Based on our discussion, it was suggested to exclude SCIM provisioned. accounts from this deletion. To identify such users we can use the provisioned_by attribute or add a new field.
Possible workaround
In the meantime, we recommend SaaS customers to verify their domain, which bypasses confirmation.
Proposal
Implement a 30 day exemption from auto-deletion for SCIM provisioned users. Based on the following discussion, we will add an audit event and logs to indicate when a SCIM provisioned users is deleted via the unverified accounts worker. This is applicable to users not currently adopting enterprise users.
Since we're no longer going to be using it for Enterprise User definition, and I'm not aware of it being used for anything else, I don't think we would need to use a new db field? We could in theory change when provisioned_by is applied.
@cynthia I see that this already has the Support Efficiency label. I am open to this issue either following our normal process for Support Efficiency , or getting pulled into a milestone sooner if we have more issues about it. AFAIK, we've only had one customer mention this so far. If it continues to be an issue, will you ping me and we can get it in?
@hsutor certainly. We have quite a few Support Efficiency issues so I try to go through them every milestone. Mostly, I let these go through the normal process, or if it really becomes a "problem", move it "up" as a Support Priority.
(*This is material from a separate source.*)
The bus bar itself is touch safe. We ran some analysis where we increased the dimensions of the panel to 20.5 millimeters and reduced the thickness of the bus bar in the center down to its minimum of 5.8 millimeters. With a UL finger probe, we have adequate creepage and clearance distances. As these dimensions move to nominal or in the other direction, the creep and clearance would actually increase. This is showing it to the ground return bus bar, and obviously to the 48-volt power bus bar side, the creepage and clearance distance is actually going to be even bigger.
@hsutor@cynthia Should we consider having some sort of expiry on SCIM users even if it's much longer? Theoretically a malicious group could configure SCIM and assign any user/email address they want and those users would be created and potentially held indefinitely.
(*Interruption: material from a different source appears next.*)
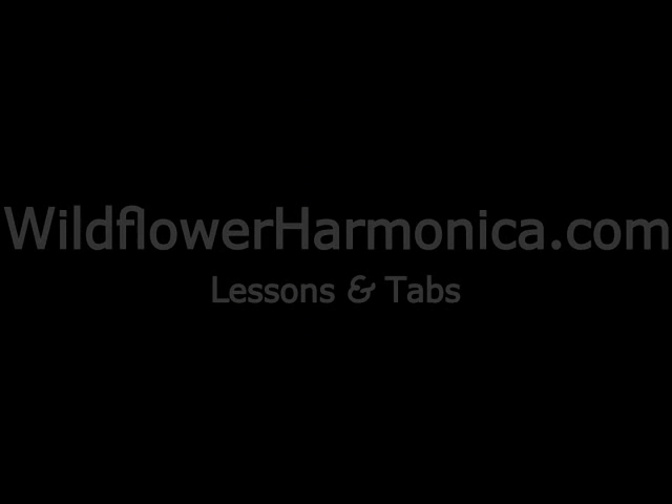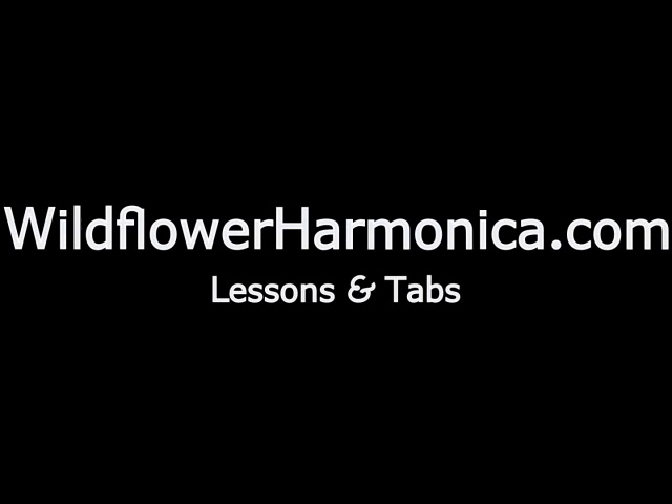Thanks, I'm Tad Dreiss from wildflowerharmonica.com. See you out there. Bye!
Realistically, given our new definition for enterprise users, it wouldn't really be much of a risk - a user could later come and perform a password reset and use their account despite being linked to SCIM. But it could create a less than desirable user-experience to have to go through the password reset. Especially if they don't remember ever signing up.
We could suggest(1) organizations to set up verified domains to bypass user email confirmation for their users provisioned with SAML or SCIM. Not only will it eliminate this issue for organizations, but also enable automatic claims of enterprise users. That should enhance security further for organizations and provide ability to manage their user accounts. That is why I think this suggestion is not a "workaround" to resolve this issue, but an advice/recommendation/guidance on how to enhance security for organizations on GitLab.com.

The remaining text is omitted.